I had to put my horse down last week. My horse. My horse that I got when she was one year old and I was in eighth grade. My best friend...my only friend sometimes. We took on the world together. She was there through first boyfriends... and first break ups.. through high school, through college, through actual broken hearts (not just first break ups that you think are actual broken hearts but you come to realize that was so so SO far from reality), through moving away from my family and across the country, through divorce, my first child...remarriage..moving 15 times in 14 years...my second child...third child :) :) and through my diagnosis of MS. I retired her months before my diagnosis. She showed severe weakness in her hind end and I knew it wasn't fair to ride her anymore. My friends (amazing friends) offered for me to retire her on their farm across town. They had just one other horse on a farm full of goats. Horses aren't like dogs. They are gregarious and therefore don't like being the only horse. It wasn't too long after that that I got sick. I hadn't been able to even walk out to see her much over the past two years but I know she was taken care of well. I knew, each winter, for the past few that it might be her last. Though I used to tell everyone, when they asked how long horses live, that Princess would live forever. It was my way of never having to think that someday she might be gone. Simple as that. She will live forever. I remember, in college, we used to go jogging together. I would load her in the trailer, take her to The Kentucky Horse Park and go running. We would make a point to always stop by a pay phone (yes, pay phone) and call home to say Hi. I remember being in class on a beautiful day and the next thing I knew I would be on her back galloping through the KY Bluegrass..... So long school.
My friend called to let me know that her horse (Princess's pasture mate) was on his third day of colic (severe intestinal distress of one type or another) and might have to be put down. Images instantly flooded through my head. I pictured her hind end weakness, here rear suspensory ligaments nearly giving out, watching her walk occasionally like she was walking on glass because her feet were uncomfortable, seeing balls of hay all over the ground that she had to spit out because she didn't have enough teeth to chew hay anymore. She had three medical events in her lifetime that she should not have recovered from ... but did. Now I pictured her being alone. All alone...through a bitter cold snowy winter.

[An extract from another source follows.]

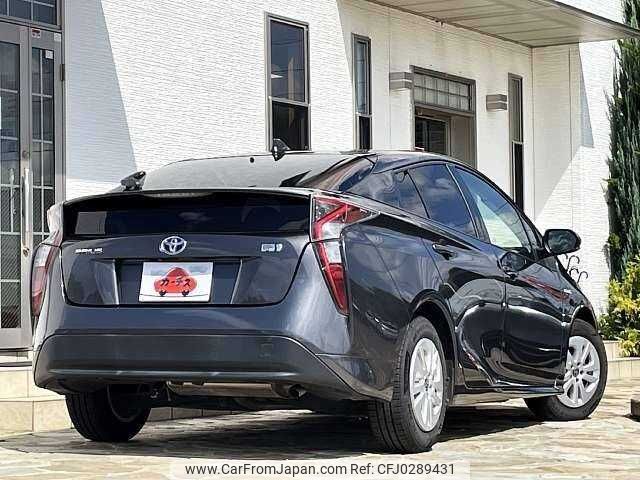 toyota prius 2015 504928-924755 image 2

I couldn't do it. I called back my friend. She said the vet was there NOW putting Princess's friend to sleep.
I laid in the field with her as she took her last breath. It was SO cold. It was snowing. It has snowed each day since. The wind has howled. The nights have been SO long. I laid there with her until her body wasn't able to keep me warm anymore. I pet her and talked to her like I haven't been able to do in years. Princess and I were together for about 26 years. If only she could tell me stories from our past as well, I would have been there for another 26, just listening.
Yesterday was my Tysabri day and Neurology appointment. Its been 6 months since Ive seen the doctor. She was thrilled to meet Crane. She asked how I was doing. "Tired...VERY Tired" I say. "Like so tired you just can't snap out of it?". "Yes". "So tired you feel you cant cope?". "Yes". "So tired you feel your legs cant hold you up?". "Yes, yes yes"... "Are you taking anything for it?" My lovely husband mumbles cynically from beside me "coffee, lots of coffee". Yes, I admitted to her that I'm up to about 2 if not 3 small to medium coffees a day. So she says "No, I mean medicine?". WHATTTT????? There is medicine for that?? Amazing! I found out there is also medicine to help my leg spasticity so hopefully I can sleep and there is medicine for the prickly feeling in my face. It wont make the feeling come back, but might prevent the feeling that I have a cactus jammed in the right side of my mouth. I cannot stand taking pills, but for these things, I'm sure the heck going to try.
We talked more about Crane. She wanted to know everything. I told her all about ECAD and the process of raising money and going through training and how much Crane helps me. This time SHE was amazed. She said she wanted to know all the details because she has a notebook that she keeps of all the positive things she hears. Now, imagine that. She is one of the top Neuro, specifically MS, docs in the US. She has computers full of info. She has teams of doctors working under her. Yet, she keeps a small notebook of positive things she hears about her MS patients. If THAT isn't depressing nothing is.
The rest of my week was interspersed with the same level of events, though I am just too low on energy to recall them all.